→ Requirement: What you write should be an exact repeat of the lines from the one with "Super Closet Fast" through the final line below, minus the pictures.

→ Excerpts from a dataset:
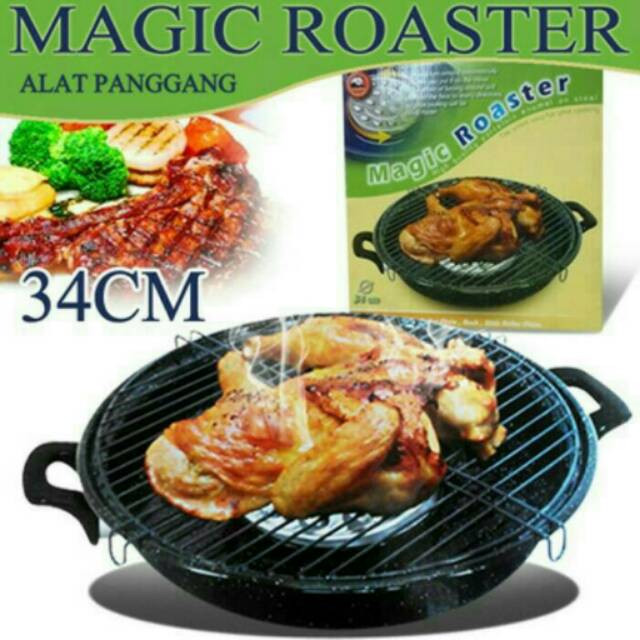 Magic roaster maspion 34cm - alat panggangan sosis - grilled maspion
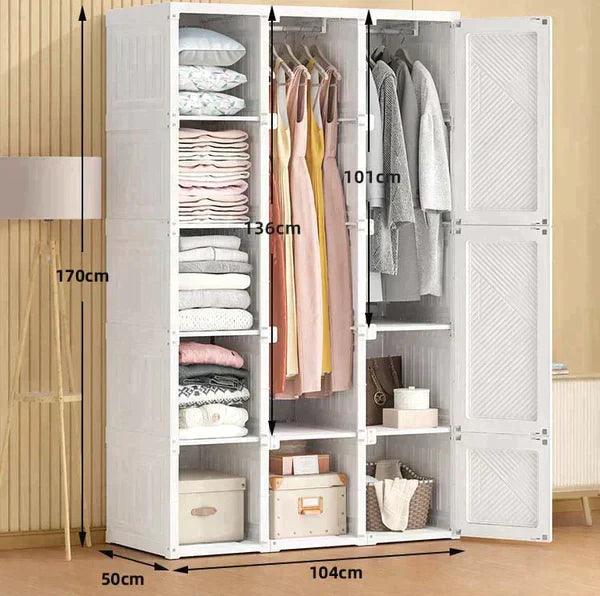 Super Closet Fast Dobrável Inteligente + 3 Caixas Organizadoras - Compre 1 leve 2 [QUEIMA DE ESTOQUE]
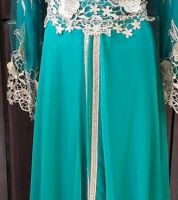 قفطان مغربي فاخر  - L - اخضر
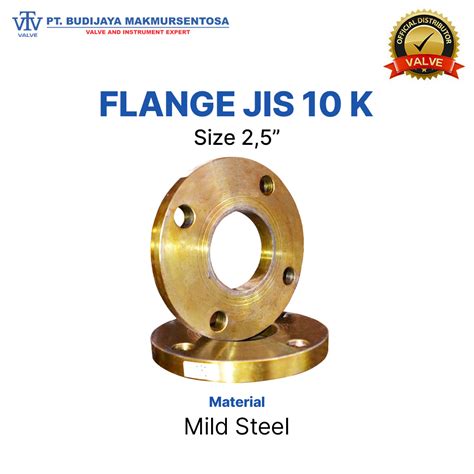 Flange JIS 10K Mild Steel -2.5 Inch | BJMSONLINE.COM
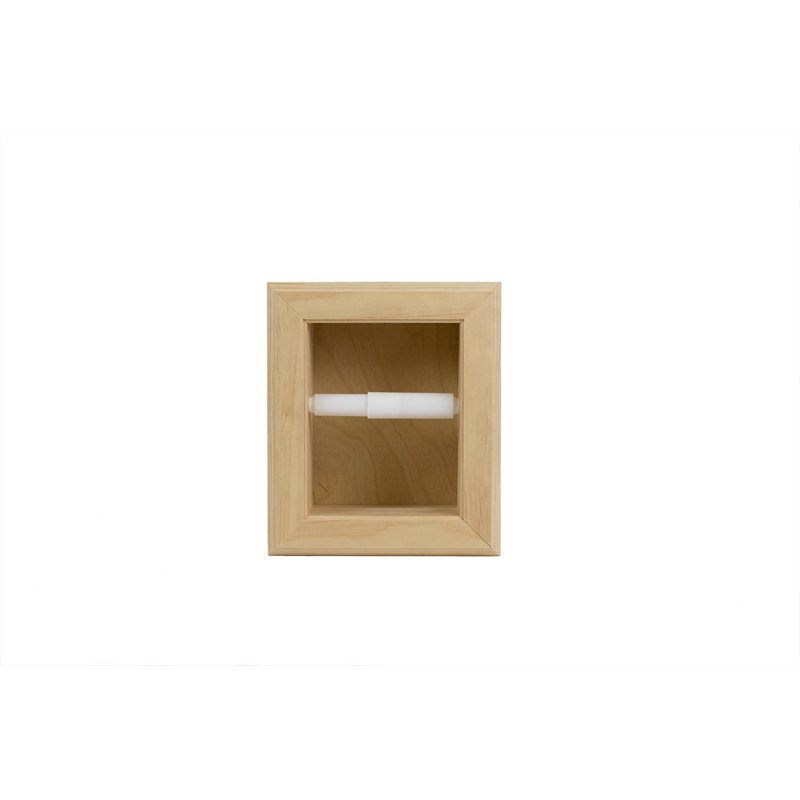 Porte-papier hygiénique encastré Tracy, Naturel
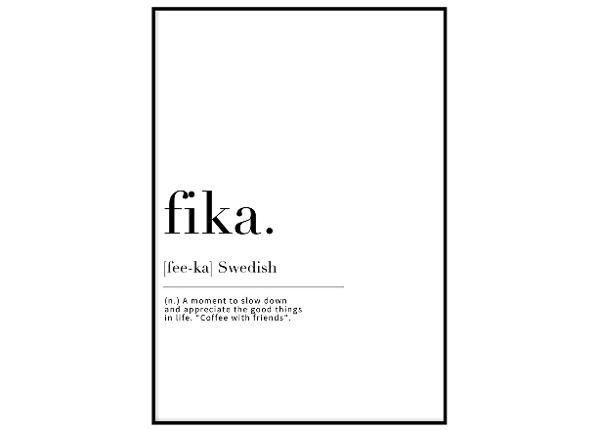 Poster Fika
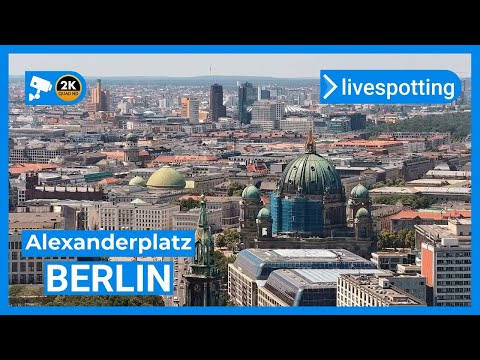 🔴 LIVE: Berlin Alexanderplatz – Panorama-Webcam mit Blick über die Hauptstadt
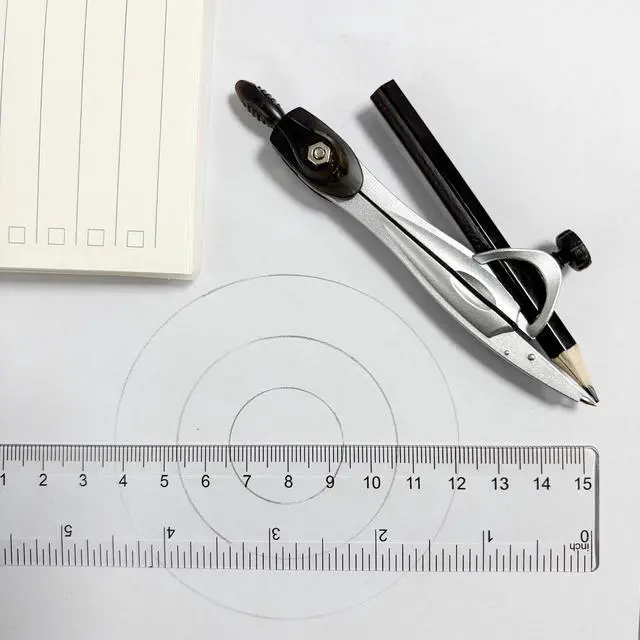 Alt view image 6 of 7 - Protractor and Compass Set with Rulers,Compass Geometry Drawing Tool Set | All-in-One Rulers Compass Kit for Students and Technical Drawing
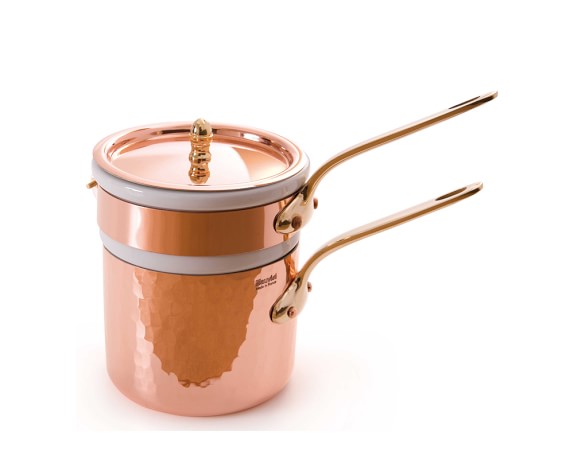 Mauviel Copper Double Boiler with Insert, 1-Qt.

→ Final answer:
 Super Closet Fast Dobrável Inteligente + 3 Caixas Organizadoras - Compre 1 leve 2 [QUEIMA DE ESTOQUE]
 قفطان مغربي فاخر  - L - اخضر
 Flange JIS 10K Mild Steel -2.5 Inch | BJMSONLINE.COM
 Porte-papier hygiénique encastré Tracy, Naturel
 Poster Fika
 🔴 LIVE: Berlin Alexanderplatz – Panorama-Webcam mit Blick über die Hauptstadt
 Alt view image 6 of 7 - Protractor and Compass Set with Rulers,Compass Geometry Drawing Tool Set | All-in-One Rulers Compass Kit for Students and Technical Drawing
 Mauviel Copper Double Boiler with Insert, 1-Qt.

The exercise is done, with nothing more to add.